“Si va el rey, no voy”. No importa que el acto sea muy importante para los intereses de Cataluña. Se comportan como patriotas de pacotilla. Son como aquellos niños que se tapan los ojos con la palma de la mano y dicen “No estoy”: “Si no voy, no lo veo y el rey no está”.
Matizarán su actitud --ya han empezado a hacerlo--, obligados por la presión de sectores de opinión de peso: “No lo recibo, aunque le saludo en un aparte”; “No ceno con él, aunque lo hace alguien en mi nombre”; “Todavía no lo recibo, aunque ya ceno con él, pero con el rostro altivo y firme la mirada”. Un juego de niños, un ridículo político.
Los desplantes al rey más que una ofensa --no ofende quien quiere, sino quien puede-- son una infantil estupidez. Claro que son una manifestación de libertad --igual como la campaña de `Yo injurio a la Corona', alentada en su día por Pere Aragonès--; esa libertad que la Constitución inclusiva y la democracia tolerante --que ellos desprecian-- les garantiza, pero son un sinsentido y desprestigian a la Generalitat, no a la Corona, que está por encima de esas pataletas.
Consistorios municipales con mayoría independentista y, en ocasiones, con apoyo de pagafantas de pseudoizquierda han declarado “persona non grata” al rey, incluso a la familia real, como si eso tuviera alguna efectividad. Se exhiben pancartas con la leyenda épica “Cataluña no tiene rey”, como si eso fuera verdad. El rey lo es de España de la que Cataluña, mal que les pese, forma parte sin expectativa alguna de separación. Todo ello es puro teatro para la representación de “realidades” inexistentes y la creación de emociones negativas.
Pretenden que su rechazo al rey arranca del mensaje del 3 de octubre de 2017, una mentira más. Ya antes lo plantaban e injuriaban, suponiendo (erróneamente) que la monarquía parlamentaria es el eslabón débil del Estado que quisieran desintegrar; al contrario, es la forma política del Estado español, luego tiene la fortaleza del Estado.
Pero el 3 de octubre les sirve para redondear la mitología del 1 de octubre. El rey, como jefe del Estado, cumplió con su función constitucional ante los gravísimos hechos que se estaban produciendo en Cataluña promovidos por (o con la autoría de) las autoridades de la Generalitat que, “de una manera reiterada, consciente y deliberada” incumplían la Constitución y su Estatuto de Autonomía y demostraban “una deslealtad inadmisible hacia los poderes del Estado”, deslealtad que, si ha amainado en los actos, continua presente en palabras y propósitos de esas autoridades, nuevas en cuanto a detentores y viejas en los comportamientos formales.
¿Qué hubieran dicho en un mensaje los jefes de Estado de Alemania, Francia o Italia, por ejemplo, de producirse una rotura del orden constitucional y un desafío parecidos en uno de los territorios del respectivo Estado? Probablemente, sus palabras no hubieran diferido mucho de las del 3 de octubre.

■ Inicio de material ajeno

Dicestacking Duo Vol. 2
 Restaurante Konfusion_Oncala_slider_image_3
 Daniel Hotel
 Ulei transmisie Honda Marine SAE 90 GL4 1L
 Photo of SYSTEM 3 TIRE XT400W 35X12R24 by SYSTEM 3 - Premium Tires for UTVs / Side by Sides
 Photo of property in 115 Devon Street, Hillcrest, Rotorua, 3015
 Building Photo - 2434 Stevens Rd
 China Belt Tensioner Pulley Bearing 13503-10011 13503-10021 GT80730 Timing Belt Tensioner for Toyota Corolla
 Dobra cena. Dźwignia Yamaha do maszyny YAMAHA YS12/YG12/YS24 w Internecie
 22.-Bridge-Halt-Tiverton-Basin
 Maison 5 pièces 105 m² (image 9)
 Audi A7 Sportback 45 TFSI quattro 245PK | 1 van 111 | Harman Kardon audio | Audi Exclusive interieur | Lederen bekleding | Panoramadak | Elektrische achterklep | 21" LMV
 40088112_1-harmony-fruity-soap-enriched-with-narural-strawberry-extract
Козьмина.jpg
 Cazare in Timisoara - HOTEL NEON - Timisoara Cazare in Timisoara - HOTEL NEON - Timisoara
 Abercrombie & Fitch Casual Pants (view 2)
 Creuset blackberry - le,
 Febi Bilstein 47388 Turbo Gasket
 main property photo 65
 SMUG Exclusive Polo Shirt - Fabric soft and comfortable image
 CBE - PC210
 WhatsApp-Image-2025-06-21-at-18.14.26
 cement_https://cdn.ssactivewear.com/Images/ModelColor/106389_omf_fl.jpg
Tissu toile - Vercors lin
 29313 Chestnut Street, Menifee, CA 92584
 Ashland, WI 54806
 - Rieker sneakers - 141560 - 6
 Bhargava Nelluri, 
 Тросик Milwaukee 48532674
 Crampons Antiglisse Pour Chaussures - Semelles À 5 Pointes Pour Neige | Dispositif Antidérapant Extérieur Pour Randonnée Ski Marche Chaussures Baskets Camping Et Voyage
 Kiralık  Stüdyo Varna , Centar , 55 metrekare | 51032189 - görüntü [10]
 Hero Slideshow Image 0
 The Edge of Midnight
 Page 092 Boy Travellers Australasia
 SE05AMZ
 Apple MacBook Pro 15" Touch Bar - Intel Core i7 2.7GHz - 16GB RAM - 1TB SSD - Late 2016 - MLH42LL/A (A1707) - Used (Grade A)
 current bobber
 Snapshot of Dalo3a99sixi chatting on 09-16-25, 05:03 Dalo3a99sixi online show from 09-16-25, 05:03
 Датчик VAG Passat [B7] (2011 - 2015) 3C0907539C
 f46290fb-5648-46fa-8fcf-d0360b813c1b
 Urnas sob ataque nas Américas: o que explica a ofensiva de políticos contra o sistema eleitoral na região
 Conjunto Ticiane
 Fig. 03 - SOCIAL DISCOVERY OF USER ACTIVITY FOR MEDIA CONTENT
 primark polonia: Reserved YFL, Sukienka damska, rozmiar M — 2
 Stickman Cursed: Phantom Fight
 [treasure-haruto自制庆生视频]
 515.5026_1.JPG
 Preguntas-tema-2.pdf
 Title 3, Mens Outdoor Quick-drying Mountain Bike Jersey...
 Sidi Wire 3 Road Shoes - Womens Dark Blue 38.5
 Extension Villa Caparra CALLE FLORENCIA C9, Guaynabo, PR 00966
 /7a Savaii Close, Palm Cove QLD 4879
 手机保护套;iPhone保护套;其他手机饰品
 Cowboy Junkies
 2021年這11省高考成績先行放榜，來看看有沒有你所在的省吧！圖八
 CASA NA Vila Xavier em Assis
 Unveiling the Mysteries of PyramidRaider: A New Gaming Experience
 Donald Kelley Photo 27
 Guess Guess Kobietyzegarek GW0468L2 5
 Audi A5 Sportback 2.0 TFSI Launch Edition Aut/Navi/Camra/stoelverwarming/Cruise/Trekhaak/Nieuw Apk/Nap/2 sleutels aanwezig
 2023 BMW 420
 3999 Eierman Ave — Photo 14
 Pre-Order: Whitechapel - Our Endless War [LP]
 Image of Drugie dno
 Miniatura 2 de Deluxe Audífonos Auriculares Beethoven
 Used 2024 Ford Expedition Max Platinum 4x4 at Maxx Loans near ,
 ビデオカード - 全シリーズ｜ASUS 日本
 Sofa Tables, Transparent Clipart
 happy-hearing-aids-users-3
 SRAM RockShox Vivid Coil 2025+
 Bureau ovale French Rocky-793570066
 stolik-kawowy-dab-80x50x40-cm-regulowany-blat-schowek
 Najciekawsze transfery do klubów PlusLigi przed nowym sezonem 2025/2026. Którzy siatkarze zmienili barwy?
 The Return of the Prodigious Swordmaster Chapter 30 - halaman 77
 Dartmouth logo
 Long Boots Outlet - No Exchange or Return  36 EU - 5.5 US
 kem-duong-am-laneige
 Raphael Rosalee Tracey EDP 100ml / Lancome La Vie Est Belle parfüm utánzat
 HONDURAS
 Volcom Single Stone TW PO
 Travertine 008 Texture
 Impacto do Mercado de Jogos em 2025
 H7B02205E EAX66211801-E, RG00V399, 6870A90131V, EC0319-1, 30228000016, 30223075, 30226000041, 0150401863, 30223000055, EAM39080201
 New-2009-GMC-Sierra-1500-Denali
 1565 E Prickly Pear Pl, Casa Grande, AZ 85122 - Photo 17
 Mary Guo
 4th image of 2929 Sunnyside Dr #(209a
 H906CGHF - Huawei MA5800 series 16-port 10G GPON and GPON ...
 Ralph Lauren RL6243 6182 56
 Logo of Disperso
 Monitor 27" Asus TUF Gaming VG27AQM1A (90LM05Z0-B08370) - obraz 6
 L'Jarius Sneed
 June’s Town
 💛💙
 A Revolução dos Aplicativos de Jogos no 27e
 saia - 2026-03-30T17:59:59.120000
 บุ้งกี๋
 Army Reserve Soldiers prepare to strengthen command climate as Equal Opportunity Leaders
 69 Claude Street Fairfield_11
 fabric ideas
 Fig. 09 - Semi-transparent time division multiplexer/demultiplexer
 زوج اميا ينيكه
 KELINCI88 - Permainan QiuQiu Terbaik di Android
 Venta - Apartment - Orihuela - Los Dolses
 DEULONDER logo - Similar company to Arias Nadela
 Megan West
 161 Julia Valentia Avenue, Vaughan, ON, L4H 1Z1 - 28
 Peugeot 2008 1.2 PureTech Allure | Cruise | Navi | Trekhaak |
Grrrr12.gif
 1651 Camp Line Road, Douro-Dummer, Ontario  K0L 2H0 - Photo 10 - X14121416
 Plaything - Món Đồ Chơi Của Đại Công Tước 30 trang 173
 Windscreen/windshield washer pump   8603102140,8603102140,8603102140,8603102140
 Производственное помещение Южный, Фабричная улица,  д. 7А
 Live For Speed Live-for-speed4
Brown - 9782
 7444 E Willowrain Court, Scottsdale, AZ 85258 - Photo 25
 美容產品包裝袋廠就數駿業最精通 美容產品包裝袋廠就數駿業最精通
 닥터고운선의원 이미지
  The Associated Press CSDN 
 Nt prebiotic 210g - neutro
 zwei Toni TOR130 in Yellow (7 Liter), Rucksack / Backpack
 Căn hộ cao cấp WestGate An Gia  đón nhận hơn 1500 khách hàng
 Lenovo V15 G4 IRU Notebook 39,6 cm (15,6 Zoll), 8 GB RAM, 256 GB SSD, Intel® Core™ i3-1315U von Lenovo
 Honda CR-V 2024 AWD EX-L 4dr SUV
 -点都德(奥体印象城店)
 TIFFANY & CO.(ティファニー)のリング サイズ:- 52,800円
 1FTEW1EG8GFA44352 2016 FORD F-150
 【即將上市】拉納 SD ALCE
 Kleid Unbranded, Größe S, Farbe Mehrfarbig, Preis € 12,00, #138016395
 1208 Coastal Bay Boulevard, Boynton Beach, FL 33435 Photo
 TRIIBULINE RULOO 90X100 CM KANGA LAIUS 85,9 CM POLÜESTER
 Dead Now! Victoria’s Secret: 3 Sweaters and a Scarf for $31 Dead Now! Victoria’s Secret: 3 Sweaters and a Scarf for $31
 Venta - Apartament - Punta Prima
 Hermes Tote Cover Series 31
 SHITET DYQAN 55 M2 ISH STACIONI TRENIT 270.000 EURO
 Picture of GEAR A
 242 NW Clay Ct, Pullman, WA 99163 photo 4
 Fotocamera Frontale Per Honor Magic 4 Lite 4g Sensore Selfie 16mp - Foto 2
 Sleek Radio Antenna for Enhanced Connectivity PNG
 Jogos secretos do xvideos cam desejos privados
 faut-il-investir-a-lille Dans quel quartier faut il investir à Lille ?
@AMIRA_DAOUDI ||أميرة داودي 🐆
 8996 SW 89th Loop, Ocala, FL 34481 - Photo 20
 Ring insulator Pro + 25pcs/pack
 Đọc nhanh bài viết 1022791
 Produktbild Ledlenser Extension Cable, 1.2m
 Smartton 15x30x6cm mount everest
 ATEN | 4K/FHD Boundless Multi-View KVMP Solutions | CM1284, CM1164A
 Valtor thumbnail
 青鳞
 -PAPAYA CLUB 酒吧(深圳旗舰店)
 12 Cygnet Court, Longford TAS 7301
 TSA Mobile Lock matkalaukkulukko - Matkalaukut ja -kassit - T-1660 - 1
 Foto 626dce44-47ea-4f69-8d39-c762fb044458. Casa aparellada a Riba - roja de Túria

La inquina de los secesionistas hacia el rey no tiene ninguna justificación en la conducta del rey, ni tiene fundamento racional alguno. Solo es teatralidad, pasto emocional para seguidores, un perjuicio para Cataluña y una pésima estrategia para ellos mismos. Les gusta referirse a Escocia y exigen que se les trate como a los independentistas escoceses, pero no se comportan como esos escoceses, cuya relación con la reina Isabel II es exquisita. Resulta inimaginable que Nicola Sturgeon, ministra principal del Gobierno Escocés, no acuda a un acto de la reina en Escocia al cual haya sido invitada.
Que el rey, que es el jefe del Estado, sea ignorado por las autoridades de la Generalitat de Cataluña, configurada como un poder del Estado del que el presidente de la Generalitat es el máximo representante ordinario, es un monumental despropósito, algo que no se da en ningún país de nuestro entorno europeo. El único aspecto positivo de esta absurda situación es que contradice rotundamente la retórica secesionista sobre el Estado represor y la falta de democracia plena, si ambos infundios fueran ciertos, tendrían que rendir pleitesía obligada al rey.
No se les pide pleitesía, ni siquiera lealtad institucional forzada, sino simplemente la educación propia de la madurez política, madurez de la que carecen. En democracia las buenas formas institucionales nunca sobran, son una obligación ética, estética y política. Deberían avergonzarse de que se les tenga que recordar cosa tan elemental.